#### YOUR ASSIGNMENT
In the records below, find the line containing "Adopt Gideon a" and print it and every line after it exactly, through the end. Skip pictures.

Scraped caption text data
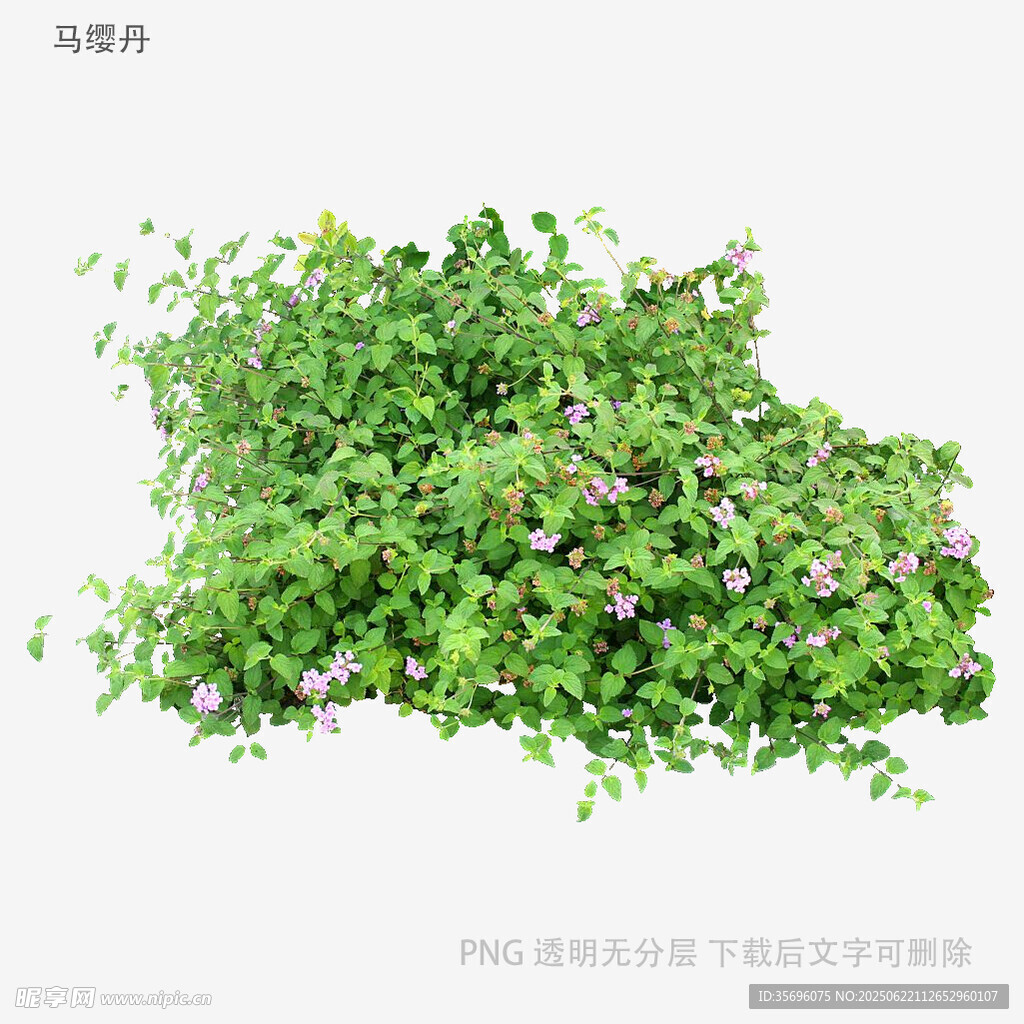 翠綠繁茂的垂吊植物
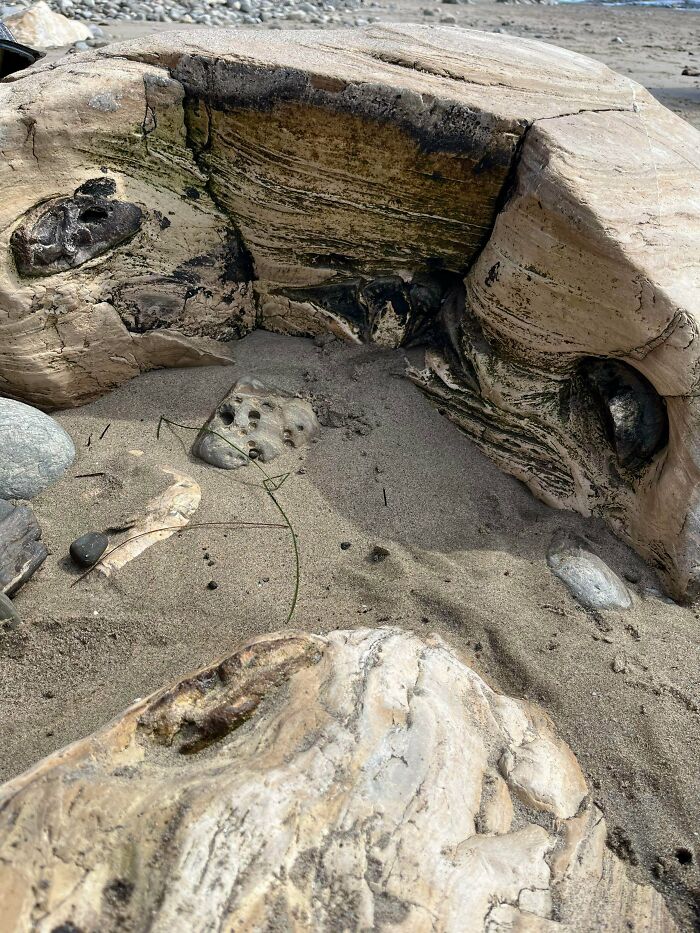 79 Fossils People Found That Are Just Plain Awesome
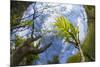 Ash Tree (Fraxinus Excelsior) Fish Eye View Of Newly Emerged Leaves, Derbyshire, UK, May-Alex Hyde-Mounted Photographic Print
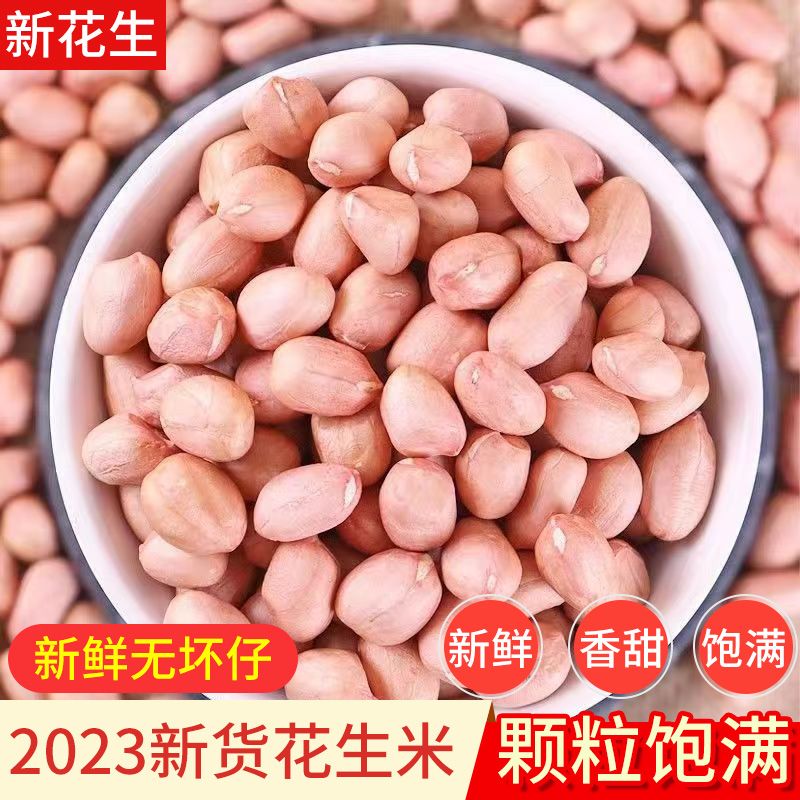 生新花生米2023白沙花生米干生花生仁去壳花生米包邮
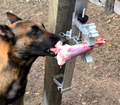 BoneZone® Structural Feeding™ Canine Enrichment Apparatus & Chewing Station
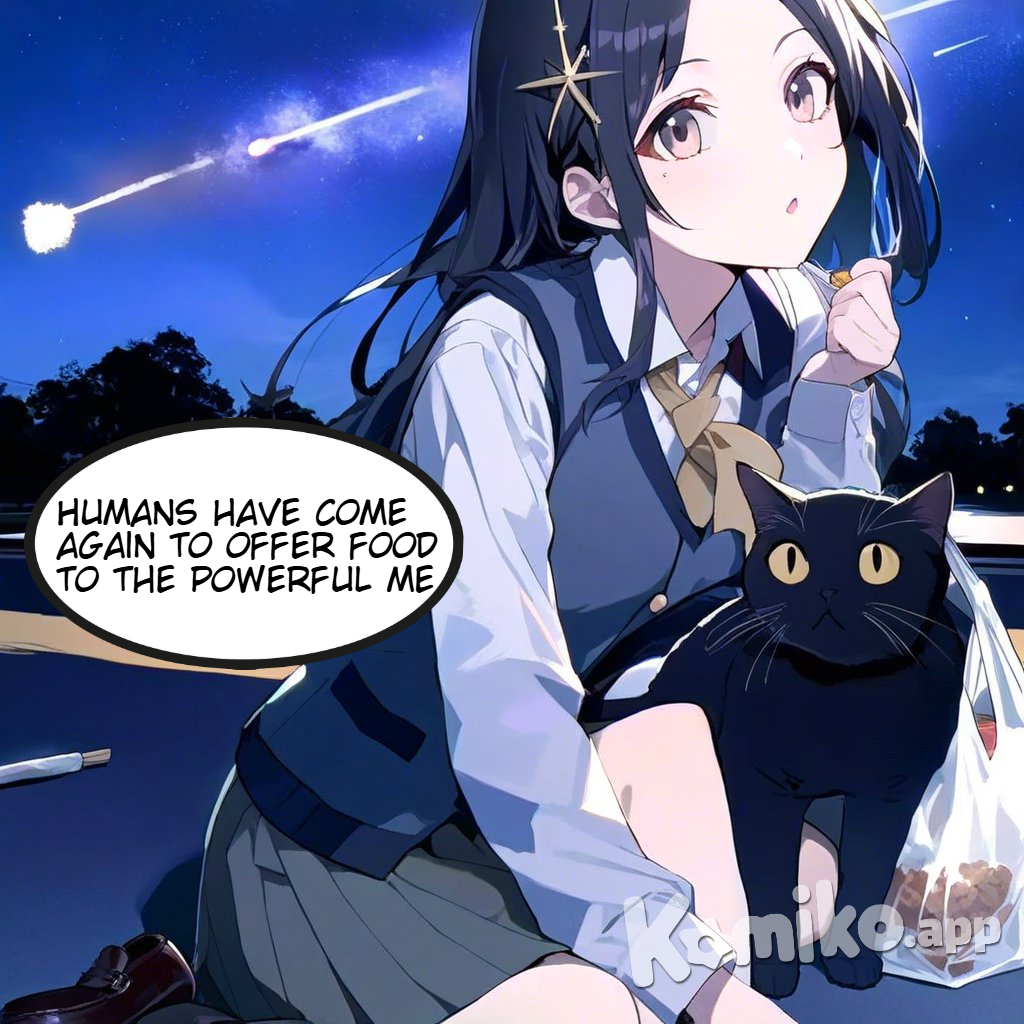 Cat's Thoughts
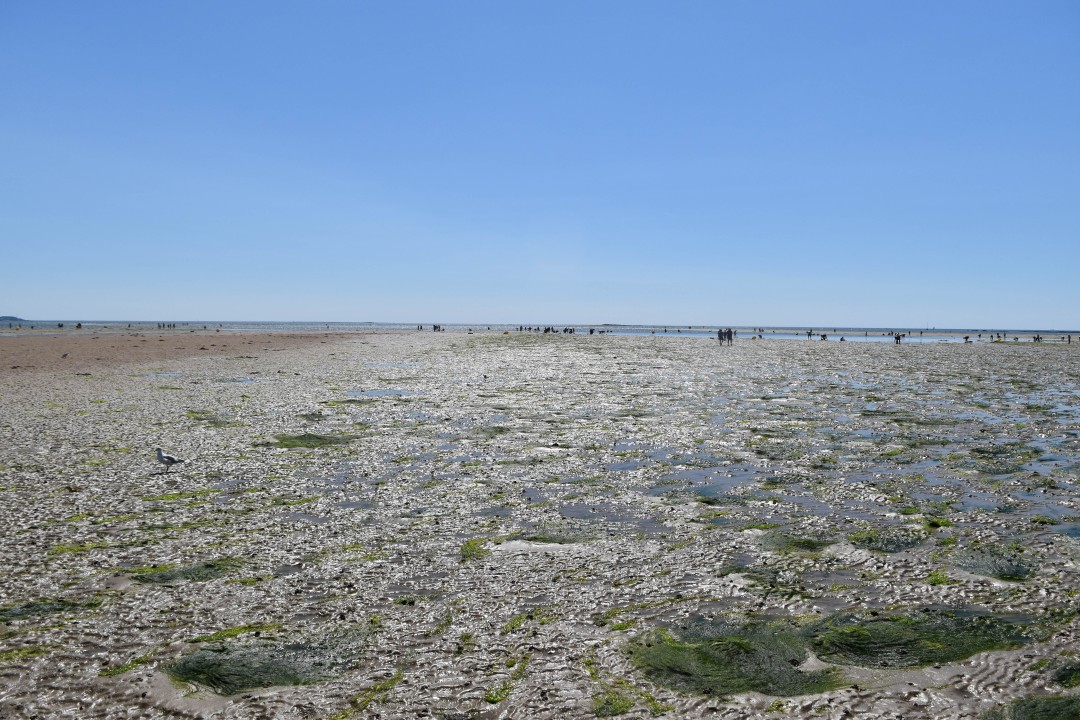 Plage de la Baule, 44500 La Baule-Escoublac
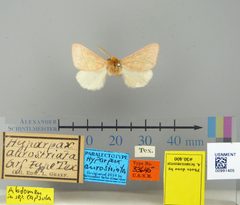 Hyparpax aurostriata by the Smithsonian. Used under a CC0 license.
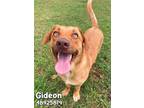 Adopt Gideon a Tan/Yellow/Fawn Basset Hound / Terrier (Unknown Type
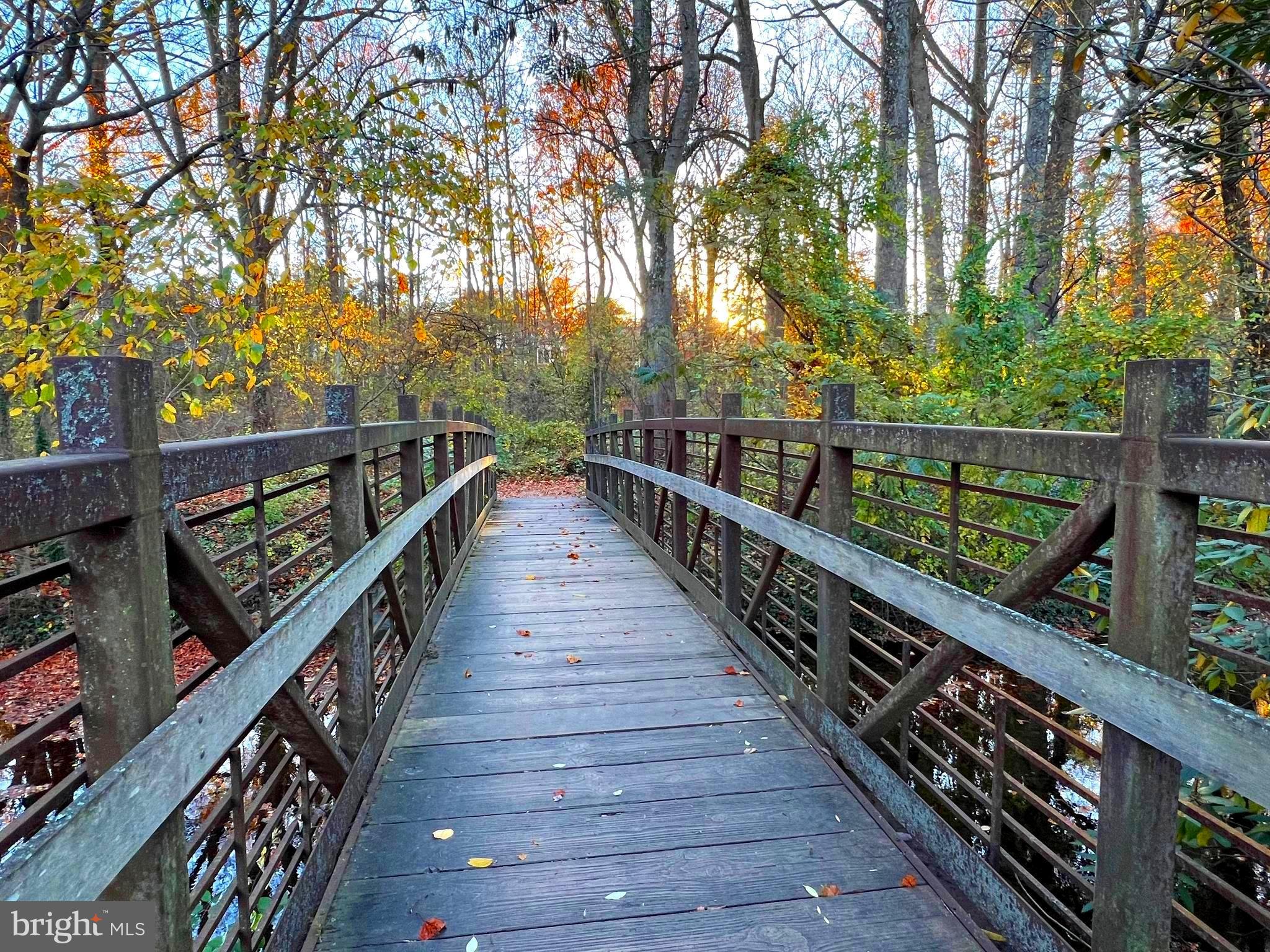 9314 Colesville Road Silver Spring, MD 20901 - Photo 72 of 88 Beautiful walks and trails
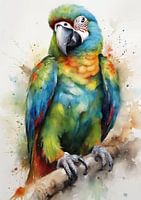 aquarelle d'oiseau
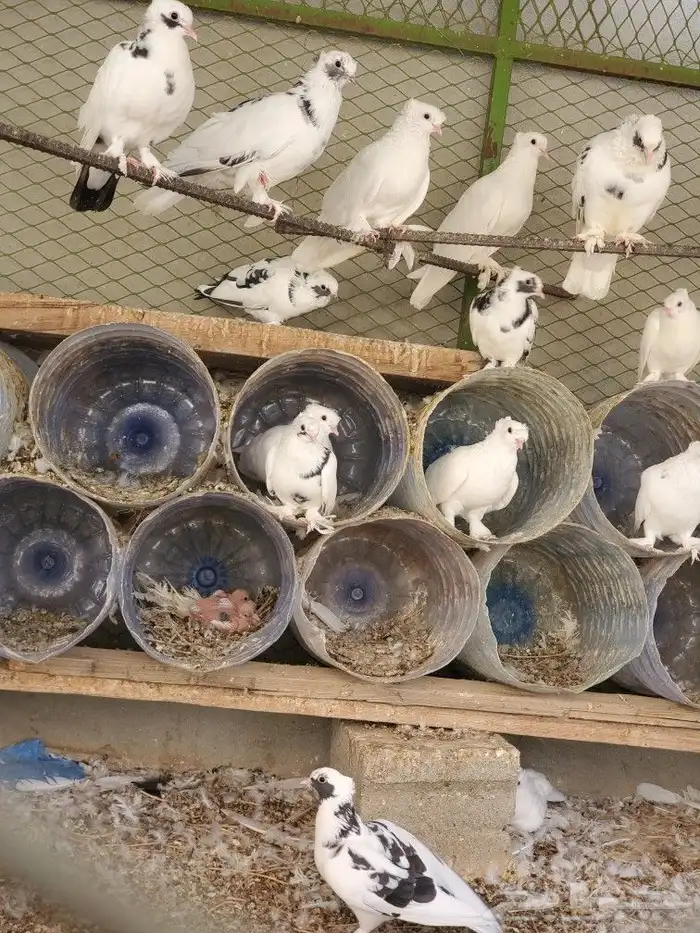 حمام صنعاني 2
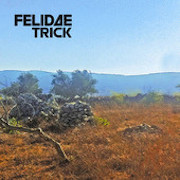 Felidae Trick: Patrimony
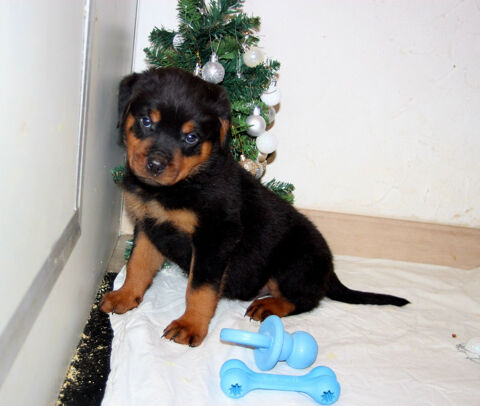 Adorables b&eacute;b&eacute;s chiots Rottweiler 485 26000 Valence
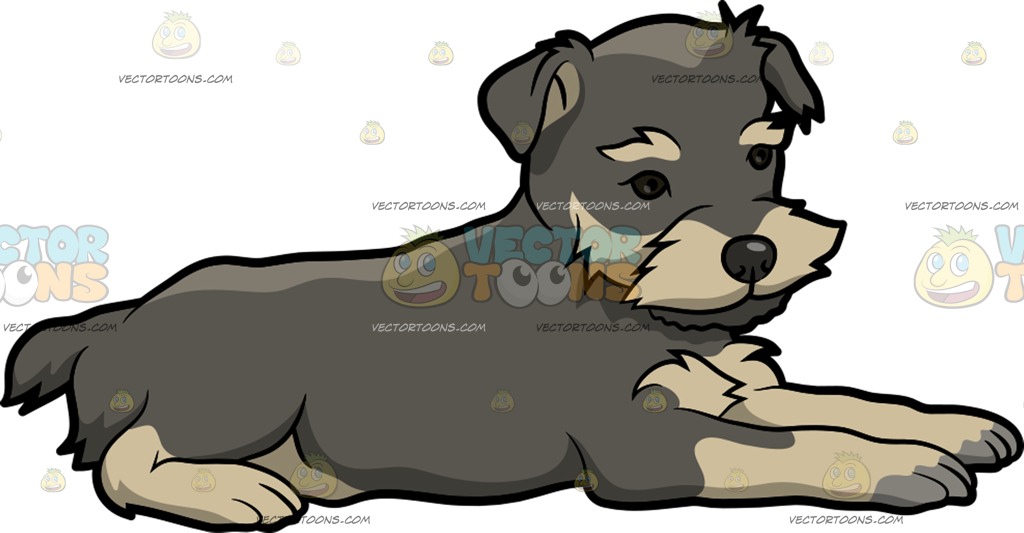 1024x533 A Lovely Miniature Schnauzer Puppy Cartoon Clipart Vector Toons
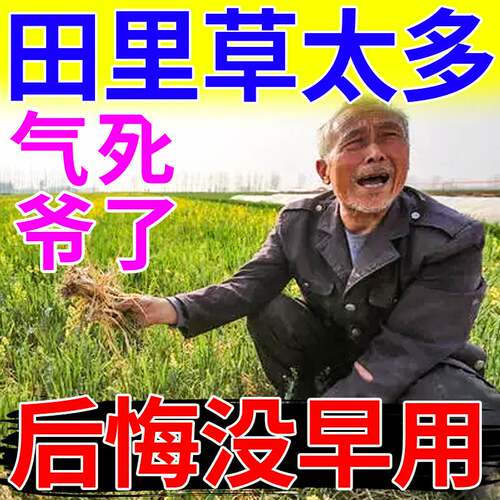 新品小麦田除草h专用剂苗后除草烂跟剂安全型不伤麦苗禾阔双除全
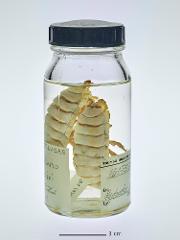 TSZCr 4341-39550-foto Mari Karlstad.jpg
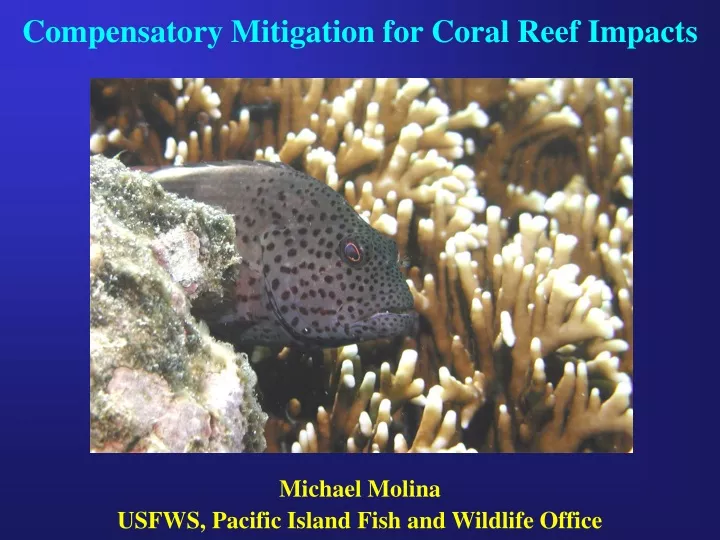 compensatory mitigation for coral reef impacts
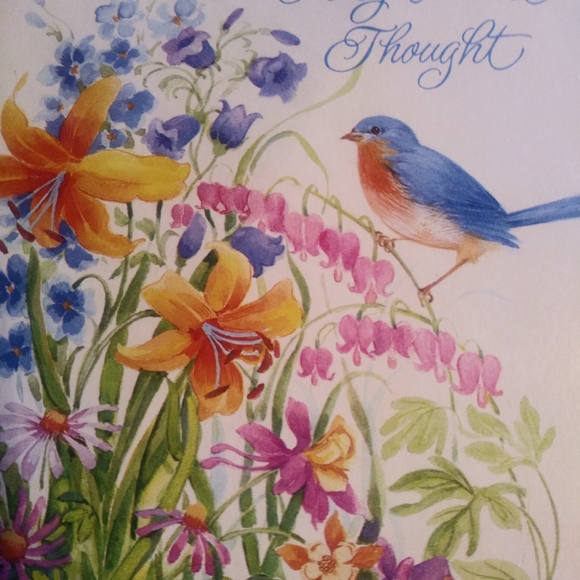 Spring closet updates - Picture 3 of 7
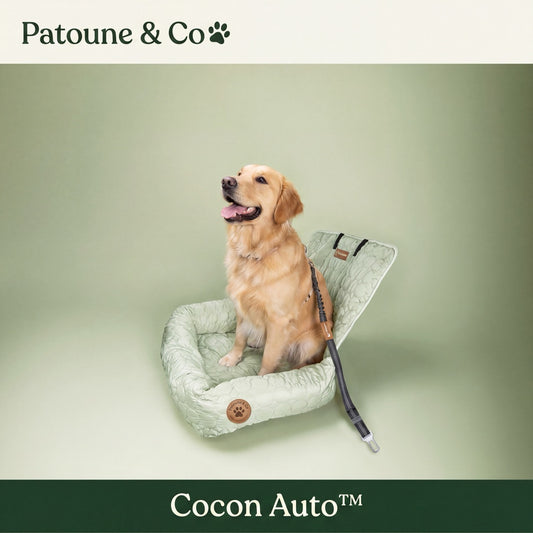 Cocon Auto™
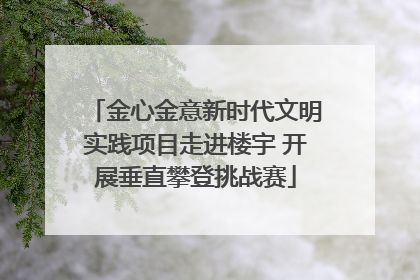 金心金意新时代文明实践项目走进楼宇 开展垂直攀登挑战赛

#### ANSWER FOR THIS EXERCISE
 Adopt Gideon a Tan/Yellow/Fawn Basset Hound / Terrier (Unknown Type
 9314 Colesville Road Silver Spring, MD 20901 - Photo 72 of 88 Beautiful walks and trails
 aquarelle d'oiseau
 حمام صنعاني 2
 Felidae Trick: Patrimony
 Adorables b&eacute;b&eacute;s chiots Rottweiler 485 26000 Valence
 1024x533 A Lovely Miniature Schnauzer Puppy Cartoon Clipart Vector Toons
 新品小麦田除草h专用剂苗后除草烂跟剂安全型不伤麦苗禾阔双除全
 TSZCr 4341-39550-foto Mari Karlstad.jpg
 compensatory mitigation for coral reef impacts
 Spring closet updates - Picture 3 of 7
 Cocon Auto™
 金心金意新时代文明实践项目走进楼宇 开展垂直攀登挑战赛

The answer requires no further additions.